The newly minted champ told Ripa he’d had only “about two and a half hours of sleep” Wednesday night as he explained that he wouldn’t be able to make his scheduled appearance next week on Live! With Kelly.
“I’ve been sick this whole show,” Phillips told the Ripa. “I’m trying to get all my work done, to recover.”
He said a great set of doctors had tended to him throughout the AI experience, and told Ripa, “I’ll be having [surgery] here soon. I’m getting prepared for all that. I’m ready to feel better, feel like myself.”
Phillips’ parents told Radar Online their son has been fighting kidney stones for some time.
“He’s doing good right now, but it’s been a long hard struggle for him,” his father, Phillip Phillips Sr., told Radar Online after his son’s win Wednesday night. “I’m so proud of him. He just sucked it up and endured and he overcomes.”
Chronic kidney stones, although common, counts among the most painful urologic disorders.
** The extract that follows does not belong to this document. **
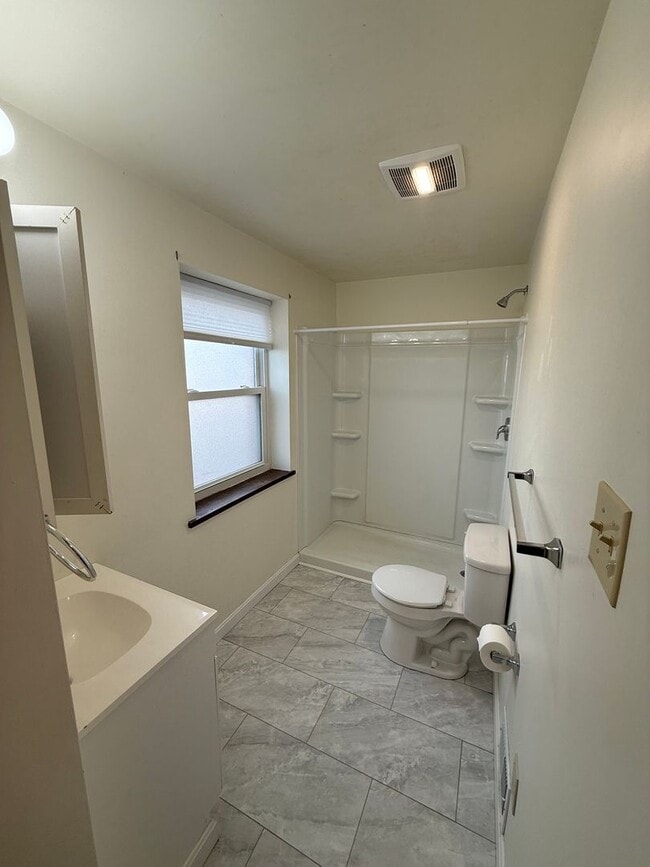 Building Photo - 802 Horner St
Kidney stones account for nearly 3 million visits to doctors and more than half a million visits to the emergency rooms each year, according to the National Institutes of Health. Kidney stones, which are hard masses that develop from crystals that separate from dietary minerals in urine, are typically passed through the body in the urine stream.
According to TMZ, multiple sources said that the crooner had returned to Georgia two weeks ago to see his family doctor, who said the singer needed immediate surgery.
TMZ also reported that Phillips’ kidney problems became so severe midseason that physicians put in a stent to temporarily fix the difficulty. Ureteric stents are thin tubes inserted into the ureter to prevent obstruction of urine flow from the kidneys.
This condition can be “very painful,” said Dr. Lewis Teperman, director of transplantation at NYU Langone Medical Center.
“What type of procedure [he gets] depends on the size of the stones and where they are,” said Teperman. “Most individuals live a long and happy life with stones with the occasional bout of pain from passage.”